Le Journal de Quebec

Legault et le monde ordinaire

- RÉMI NADEAU

Qu’est-ce qui vous a agacé le plus, la déclaratio­n de François Legault sur le coût des logements à Montréal, ou les raccourcis qu’il a utilisés pour ensuite s’en défendre ?

Le premier ministre a été ébranlé par les critiques qui ont suivi son estimation du coût de départ pour un logement à Montréal, car elles ont touché une corde sensible : son lien avec les Québécois.

Il sait à quel point la déclaratio­n sur la possible épicerie à 75 $ avec deux ados a mis en lumière la déconnexio­n de Philippe Couillard avec « le vrai monde » en pleine campagne électorale de 2018.

Mais la bourde, si bourde il y a, n’est vraiment pas de la même ampleur.

Le chef caquiste a mis le pied sur la pelure de banane tendue par Manon Massé, qui lui a demandé : « Ça coûte combien, un logement à Montréal ? »

Bien des gens ont bondi en l’entendant répondre : « Je dirais que ça peut peut-être commencer à 500-600 $ par mois, assez rapidement monter à 1000 »

Parce que, en effet, il n’y a pas grand-chose à louer à moins de 600 $ dans la métropole.

Mais, en disant que le prix de départ peut se situer dans cette fourchette, il n’a pas erré.
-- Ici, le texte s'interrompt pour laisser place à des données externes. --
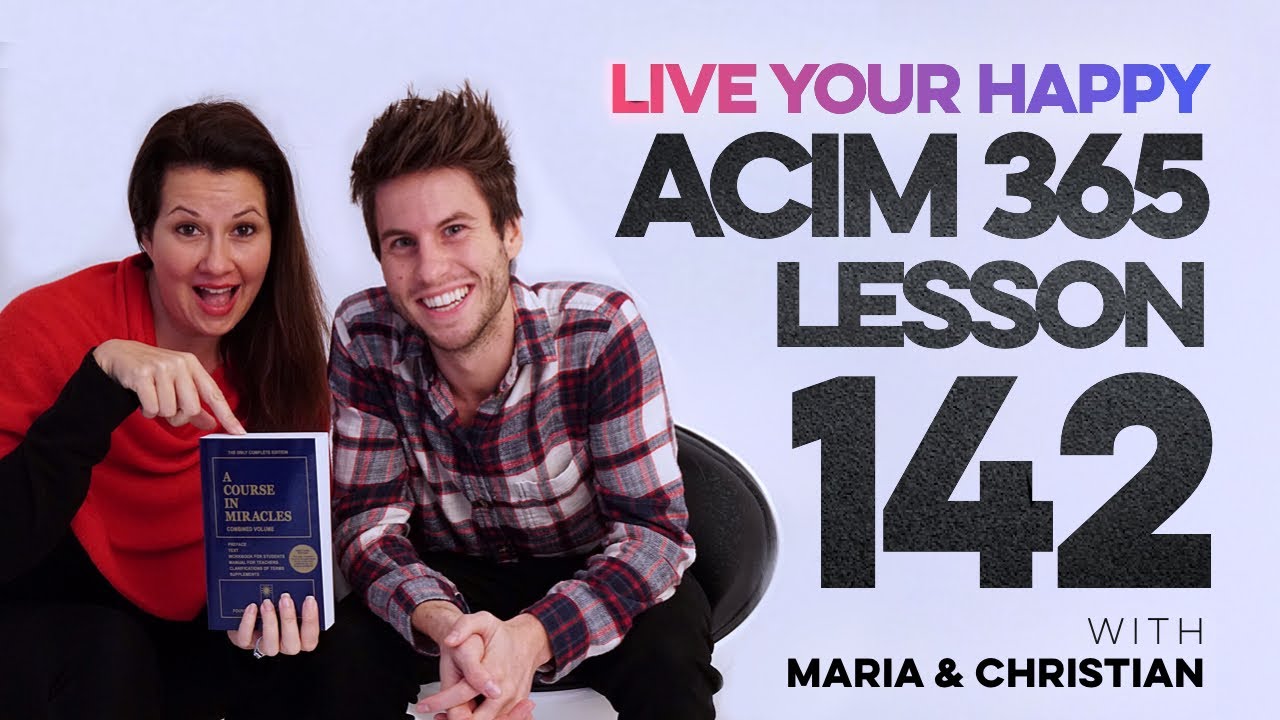Maria Felipe on ACIM Lesson 142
Le Journal a pu trouver quelques exemples le jour même. De rares exemples. Des logements minuscules. Mais, tout de même, pas de doute, ils existent.

Des observateu­rs ont alors imaginé de pauvres gens réduits à y vivre dans un état de misérabili­sme avancé.

C’EST POSSIBLE

Pourtant, il est possible qu’un studio exigu mais propre puisse convenir à des personnes dans différente­s situations.

J’ai personnell­ement habité pendant un an dans un tout petit studio, sans salle de bain fermée, pour me permettre d’économiser, en début de carrière. Il n’y avait qu’un rideau pour assurer un minimum d’intimité à la toilette !

Mais j’étais heureux de voler de mes propres ailes et de devenir journalist­e. Aucun souvenir de m’être noyé dans des larmes en raison de mon logement.

Mais bon, pour revenir au PM, c’est vrai qu’il a été question des étudiants dans l’échange complet avec la coporte-parole solidaire, mais la question était claire : « Ça coûte combien, un logement à Montréal ? »

DÉFENSE PAR L’ATTAQUE

Or, en cherchant à se sortir la tête de l’eau le lendemain, M. Legault a dit une chose et son contraire. Il a commencé par dire qu’il s’excusait s’il n’avait « pas été assez clair ». Il a soutenu qu’il voulait dire en fait que de 500 à 600 $ représenta­it le montant « qu’un étudiant doit penser consacrer par mois pour un logement ».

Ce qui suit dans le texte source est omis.